== Supplied entries ==
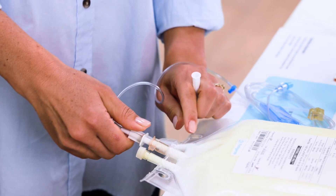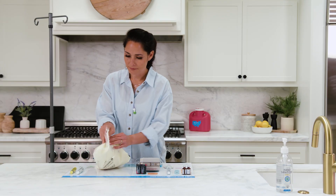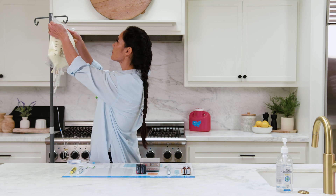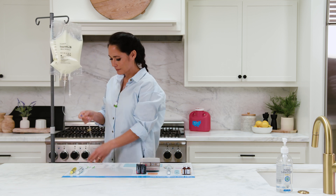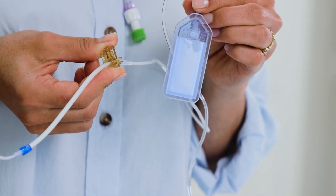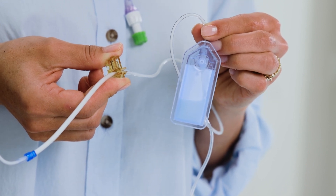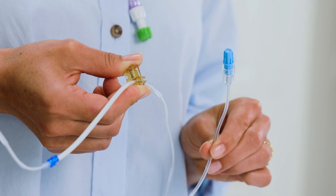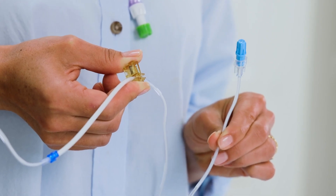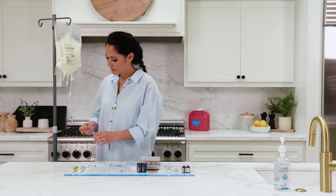We will show you two ways to prime your tubing. The first way is to prime manually. Place the bag on the TPN pole, letting the IV tubing hang below the bag. Remove the cap from the other end of the IV tubing. Hold the filter so that the flow is downward — this will allow the fluid to fill the filter properly. Squeeze the yellow stop-flow tab lever to let the fluid flow through the tubing until you see a few drops come out the other end. Make sure there are no air bubbles trapped in the tubing before continuing.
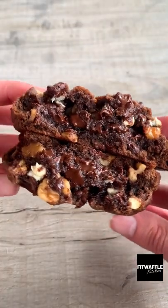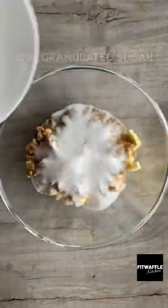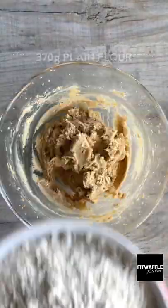Here's how to make the most amazing chocolate NYC style cookies. Add butter, light brown sugar and granulated sugar to a bowl and whisk until they come together. Then add two eggs and whisk until light and fluffy.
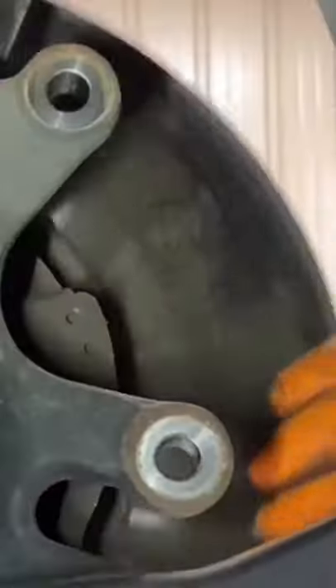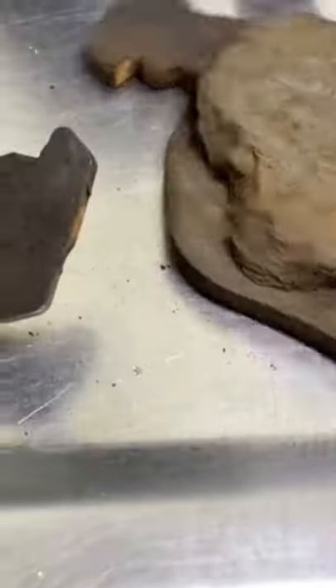Now that the rotor is free, I'm going to unscrew the lug bolt. And the brakes are removed. Check out this brake pad — it's completely separated from the backing.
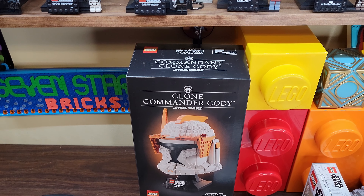That is awesome. Alright guys, my name is Jay, this is 7 Star Bricks. Give us a like and subscribe if you don't mind, leave a comment down below, and I'll be back in probably one more day because I'm going to do the Commander Cody set next. Oh yeah.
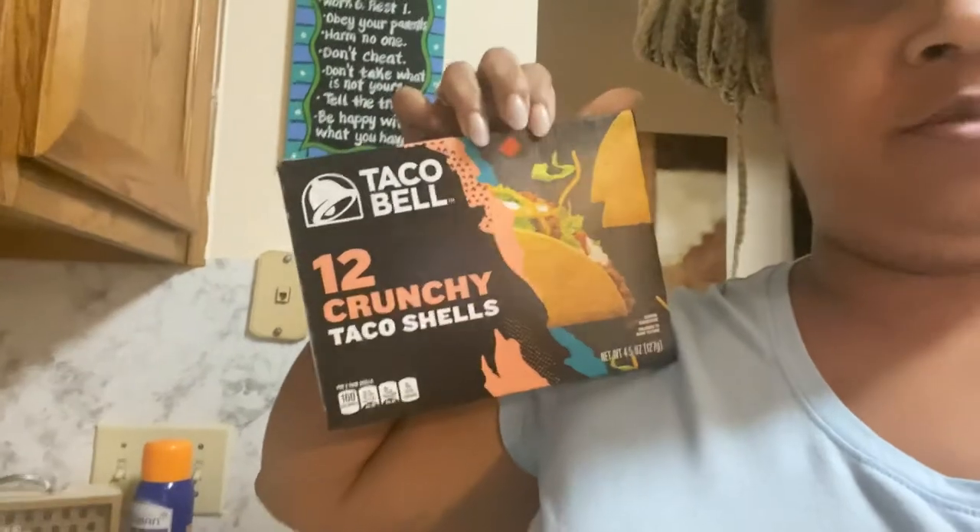So we're gonna get started. We have our ground bison burger meat here, we have our crunchy Taco Bell shells, and for...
===
**Exercise prompt**
Skipping any pictures, copy the entries exactly as they appear.

**Answer section**
We will show you two ways to prime your tubing. The first way is to prime manually. Place the bag on the TPN pole, letting the IV tubing hang below the bag. Remove the cap from the other end of the IV tubing. Hold the filter so that the flow is downward — this will allow the fluid to fill the filter properly. Squeeze the yellow stop-flow tab lever to let the fluid flow through the tubing until you see a few drops come out the other end. Make sure there are no air bubbles trapped in the tubing before continuing.
Here's how to make the most amazing chocolate NYC style cookies. Add butter, light brown sugar and granulated sugar to a bowl and whisk until they come together. Then add two eggs and whisk until light and fluffy.
Now that the rotor is free, I'm going to unscrew the lug bolt. And the brakes are removed. Check out this brake pad — it's completely separated from the backing.
That is awesome. Alright guys, my name is Jay, this is 7 Star Bricks. Give us a like and subscribe if you don't mind, leave a comment down below, and I'll be back in probably one more day because I'm going to do the Commander Cody set next. Oh yeah.
So we're gonna get started. We have our ground bison burger meat here, we have our crunchy Taco Bell shells, and for...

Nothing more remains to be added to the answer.